» EXERCISE PROMPT
Drop every picture and copy exactly the lines from the one with "4 Bedrooms Semi" through the last line of the listing below.

» DATA EXCERPT
:::

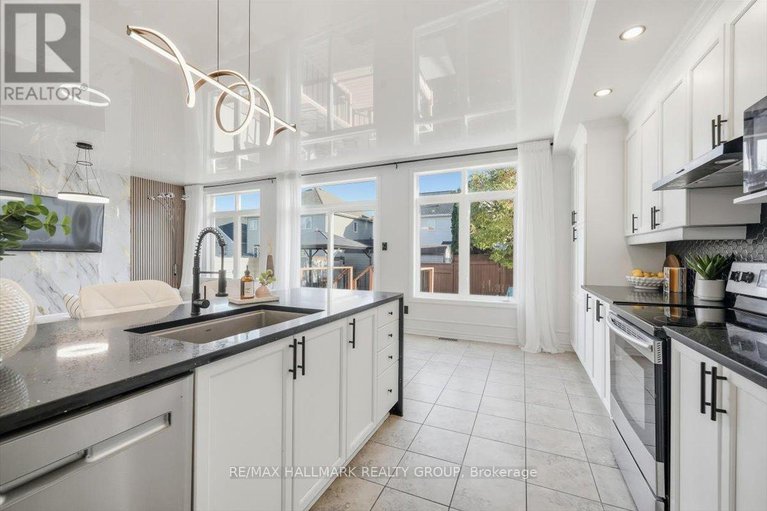 28973133/930-scala-avenue/notting-hillsummerside/ottawa/ontario/K4A5E1_17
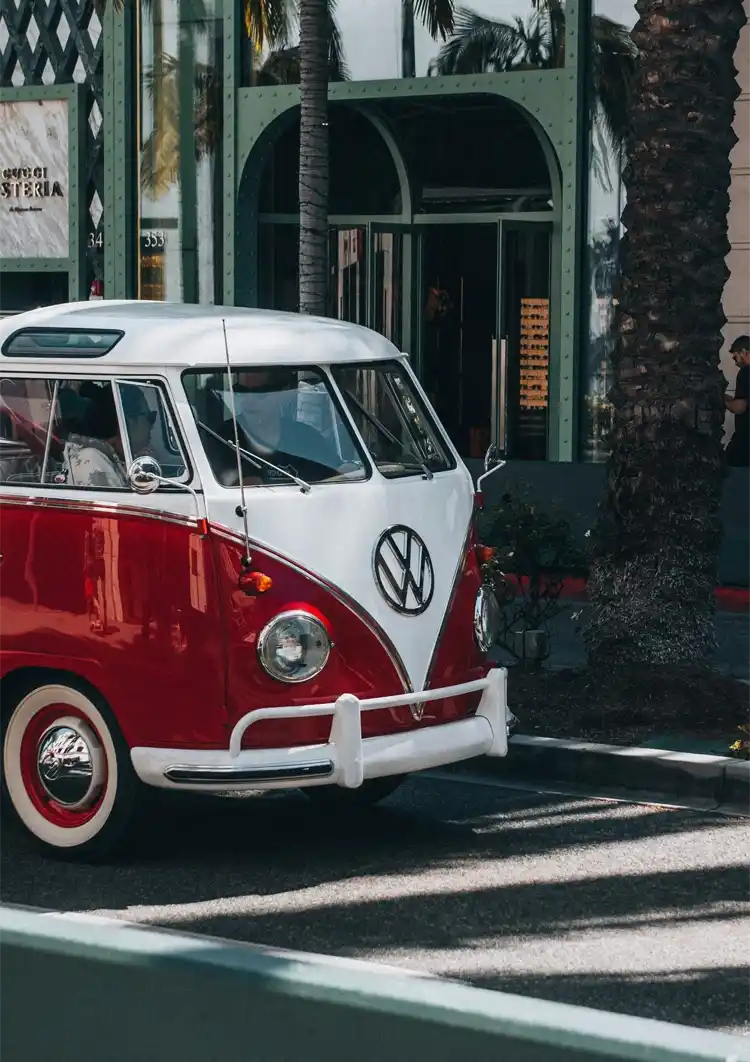 Rot Weißer VW Bulli Bus Palmen Sonnige Straße Gemälde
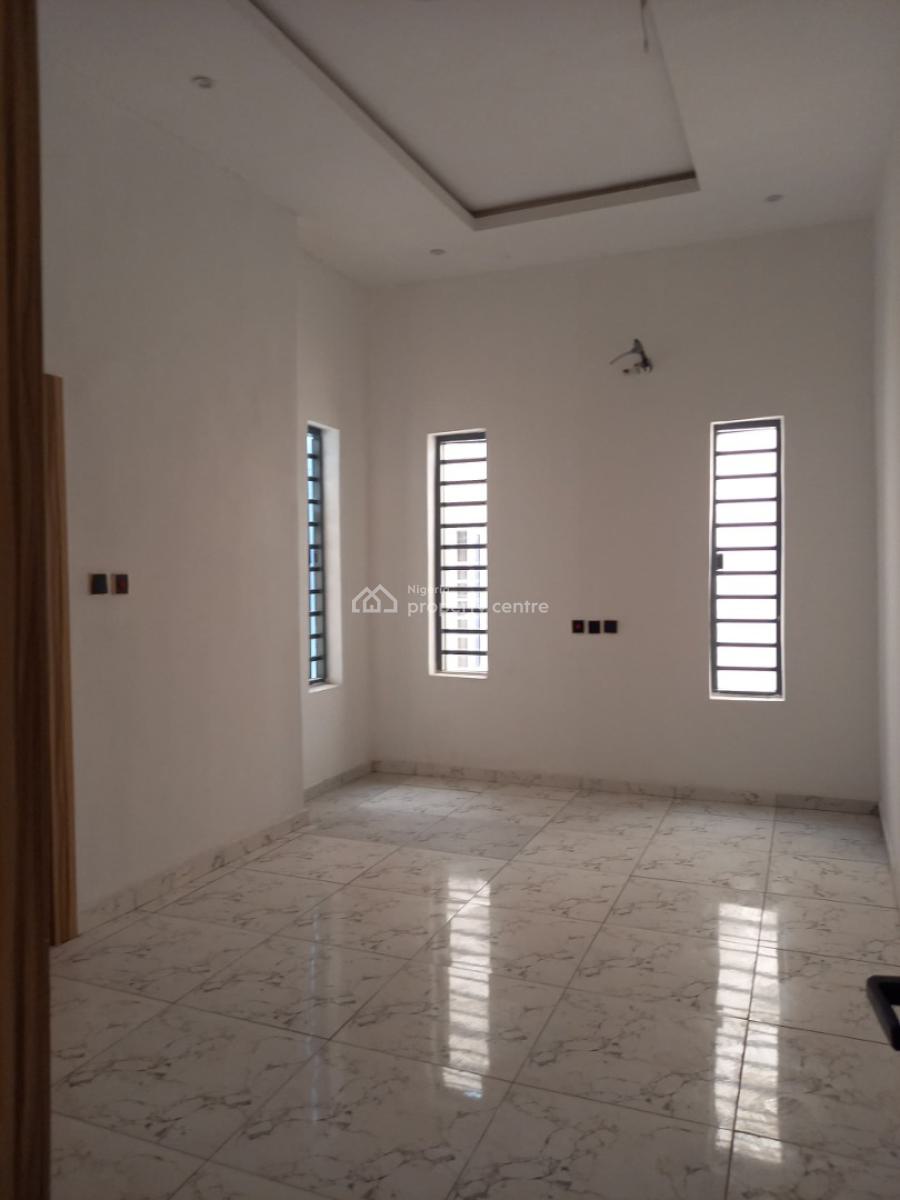4 Bedrooms Semi Detached Duplex Without a Bq, Ajah, Lagos, Semi-detached Duplex for Sale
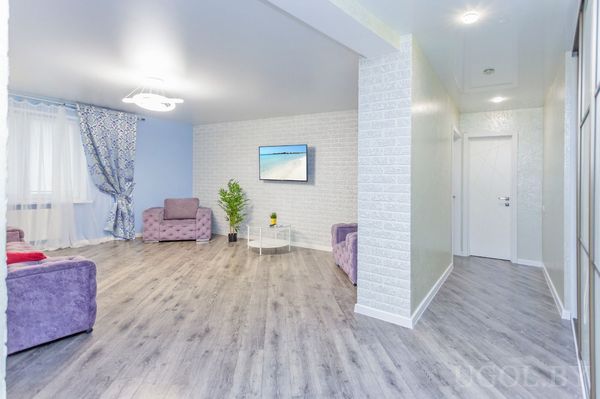 Просторная гостиная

:::

» OUTPUT OF THE EXERCISE
4 Bedrooms Semi Detached Duplex Without a Bq, Ajah, Lagos, Semi-detached Duplex for Sale
 Просторная гостиная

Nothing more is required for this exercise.